Segundo o dicionário Aurélio de Língua Portuguesa, podemos definir modernidade como “Estado ou qualidade do que é moderno, coisa nova ou recente. MODERNICE, MODERNISMO”4. Além das definições da linguagem e devido as suas limitações, dois conceitos são de suma importância para entendermos o período em questão, são elas: A idéia de progresso, que faz com que o novo seja considerado melhor ou mais avançado do que o antigo; e a valorização do individuo, ou da subjetividade como lugar da certeza e da verdade, e origem dos valores, em oposição à tradição isto é, ao saber adquirido, às instituições, à autoridade externa. (MARCONDES, 2004, p. 140).

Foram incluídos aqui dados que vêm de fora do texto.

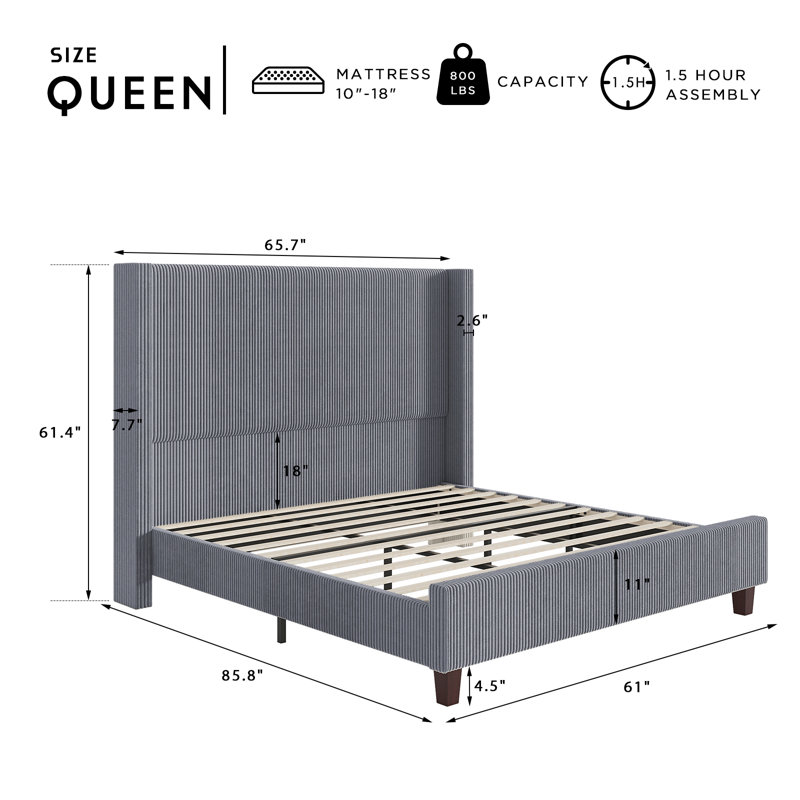 Crofford Upholstered Wingback Queen Size Platform Bed,Gray, Queen, Gray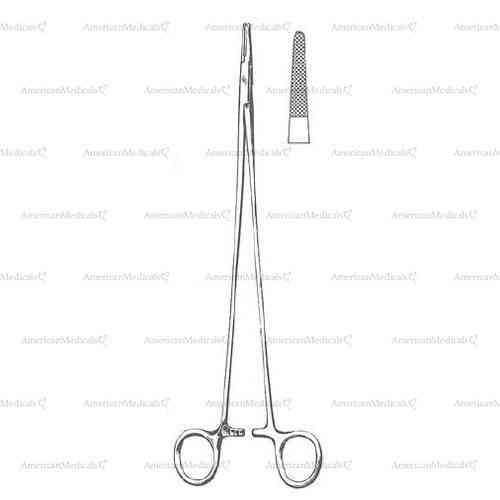 de bakey needle holder, tc lined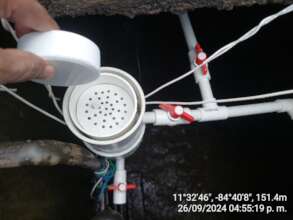 Technician showing how chlorine is applied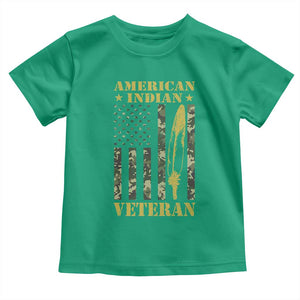 American Indian Veteran Toddler T Shirt Native American Veteran Feathers Camo Flag TS11 Irish Green Print Your Wear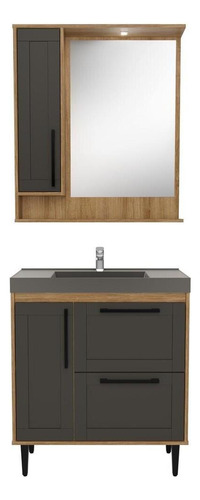 Gabinete Banheiro/espelheira 80cm Multimóveis Cr10064 Mel/gr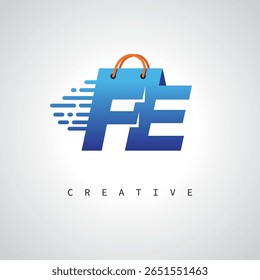 FE Shopping Monogram – Fast Delivery E-commerce Logo with Bag Icon and Digital Branding for Online Store, Retail and Logistic Identity
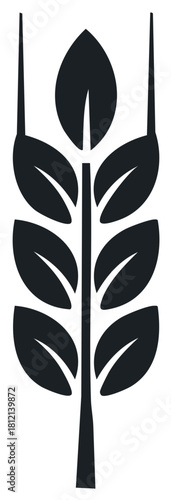 Stylized wheat stalk icon representing agriculture harvest and natural organic food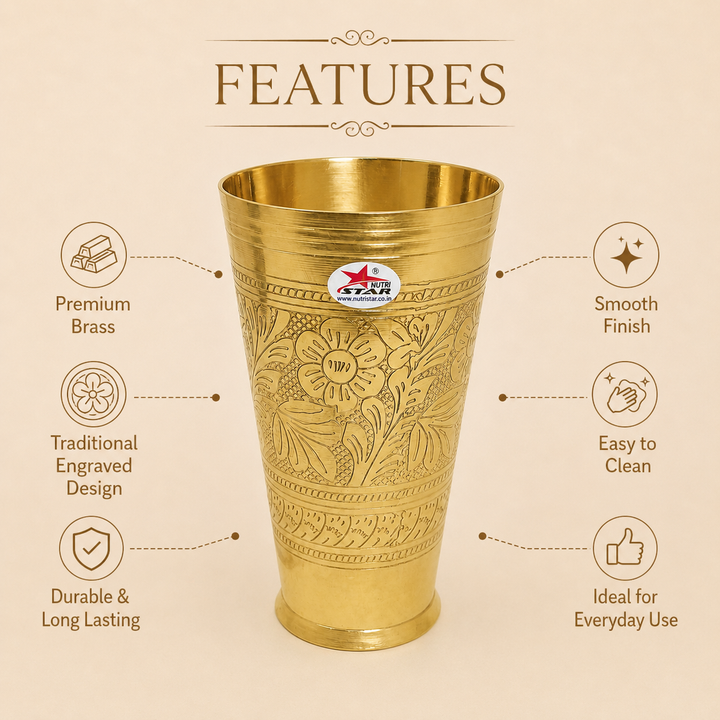 Nutristar engraved brass drinking glass 500 ml with floral design, also available in 750 ml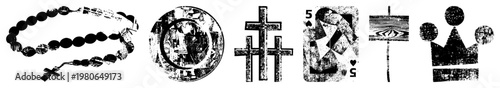 Distressed religious, playing card suits, rosary beads, crown, motifs stylized with gritty texture,, vector art, isolated elements.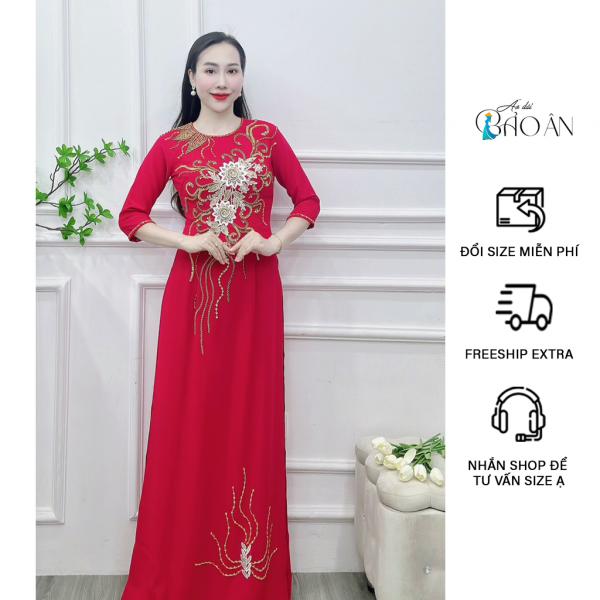 &Aacute;O D&Agrave;I MẸ, B&Agrave; SUI &Aacute;o D&agrave;i M&agrave;u Đỏ Lụa Mỹ, Hoa Th&ecirc;u Thủ C&ocirc;ng Ph&ugrave; Hợp Đi Lễ Cưới Hỏi Đi Tiệc Sang Trọng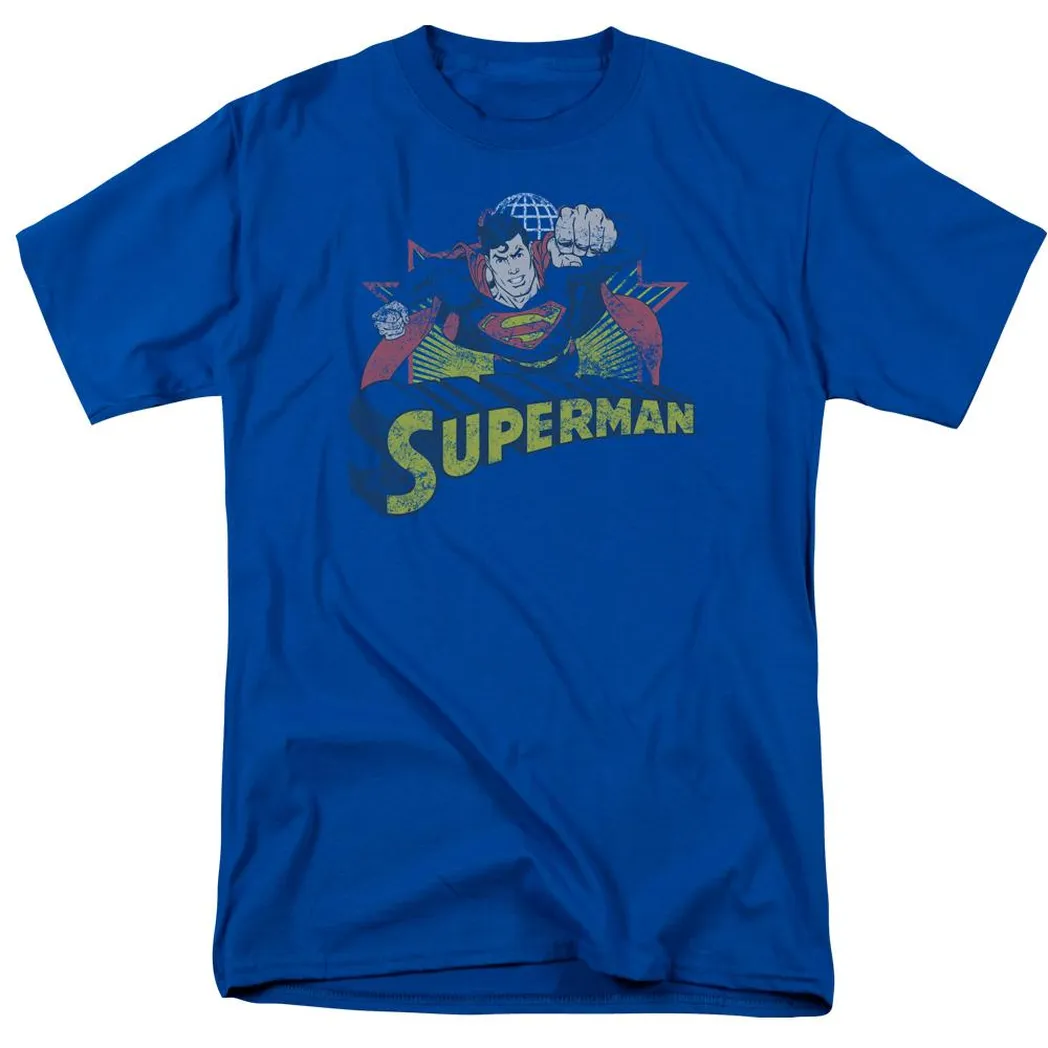 Superman Rough Distress Mens T Shirt Royal Blue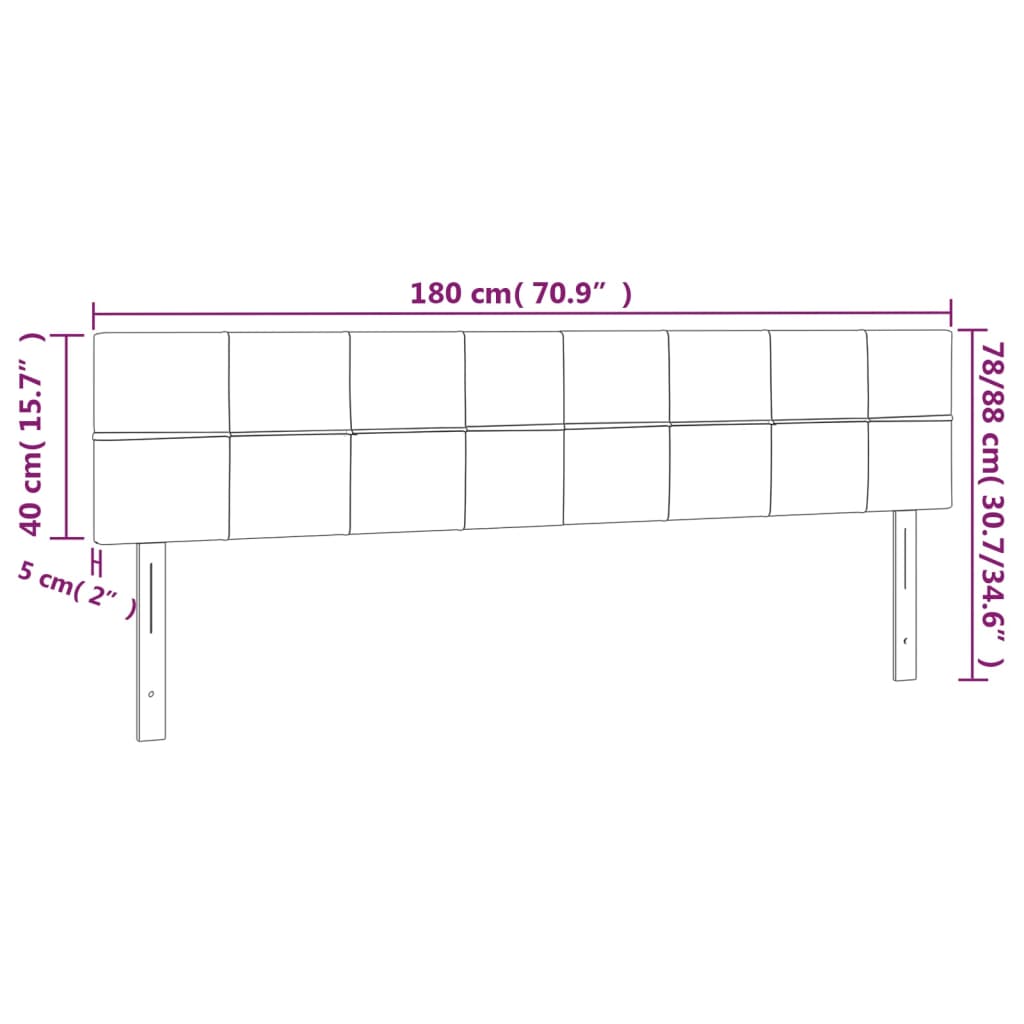 vidaXL Tăblie de pat cu LED, verde închis, 180x5x78/88 cm, catifea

Com a chegada dos chamados “Tempos Modernos”, o homem torna-se sujeito de sua própria razão e o centro de suas indagações. Temos aqui o início do período da razão, fundamentados pelo Renascimento e pelo Iluminismo: A modernidade é a época em que a alma se retira do mundo das coisas e recolhe-se no mundo dos homens, bem como a época em que os homens se acreditam suficientemente fortes e poderosos, qual um novo, qual um novo Prometeu, se não para elevarem-se contra a divindade e se imporem aos deuses, ao menos para prescindirem de sua proteção e dispensarem seus serviços. (DOMINGUES, 1991, p.32)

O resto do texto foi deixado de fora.